→ **Work instruction**:
Once you find the line with "Hair Dryer &", transcribe it and all the lines that follow to the end of the data, exactly as written; skip any pictures.

→ **Given material**:
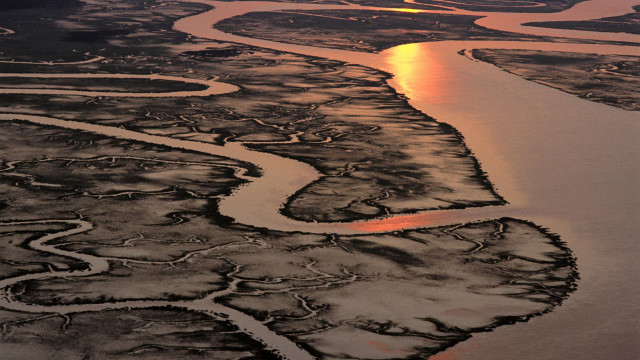 River field water sunset ecological free wallpaper - medium preview image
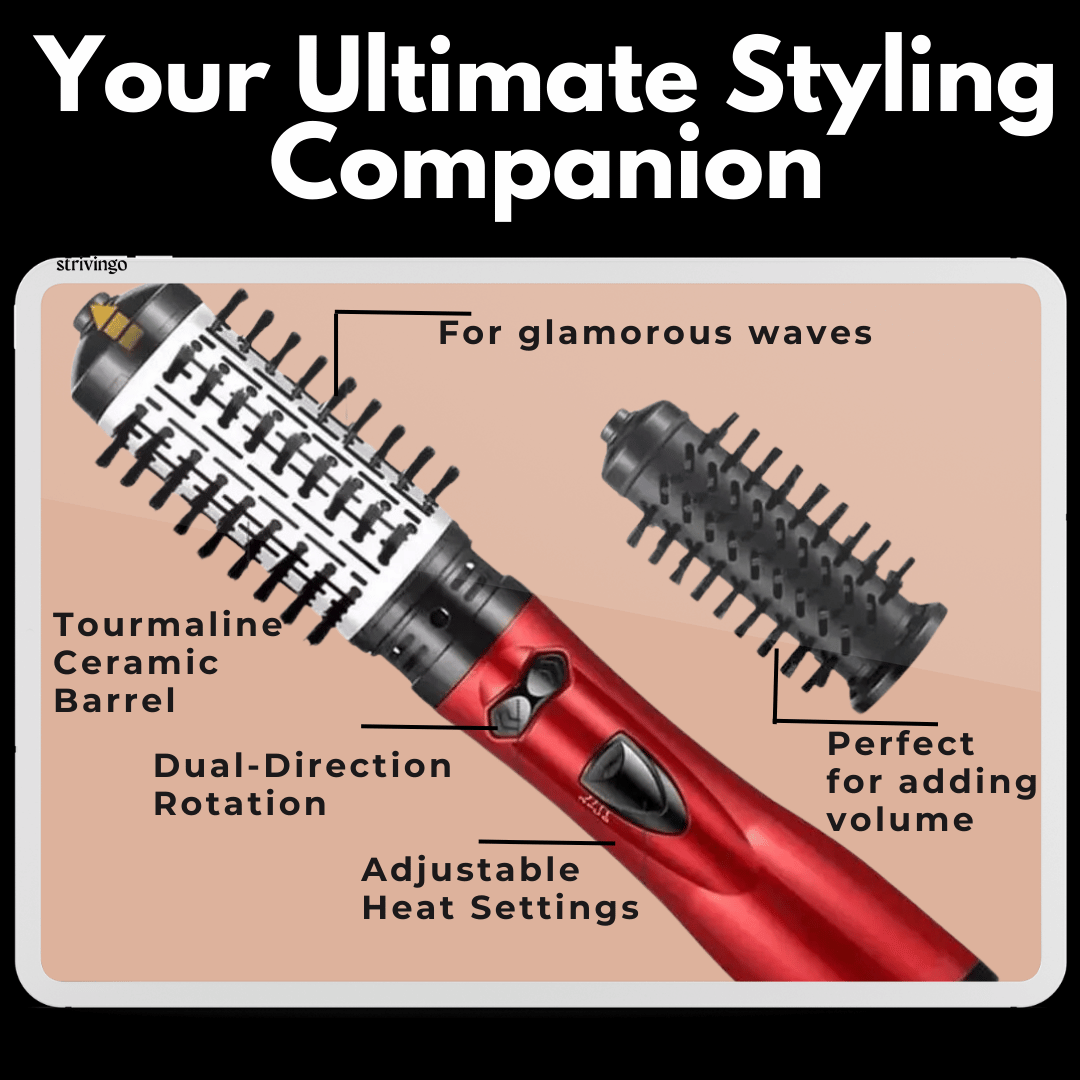Hair Dryer & Styler | 360° Rotating Brush | Tourmaline Ceramic & Interchangeable Heads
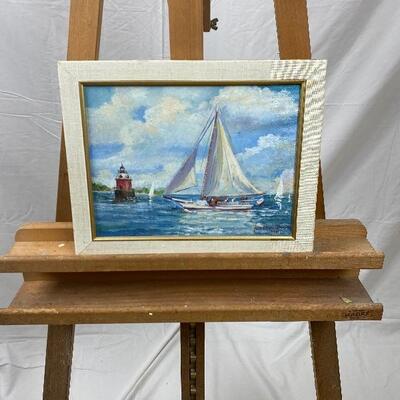 156: Framed Original Oil on Canvas of Log Canoe by Jean Ranney Smith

→ **Response box**:
Hair Dryer & Styler | 360° Rotating Brush | Tourmaline Ceramic & Interchangeable Heads
 156: Framed Original Oil on Canvas of Log Canoe by Jean Ranney Smith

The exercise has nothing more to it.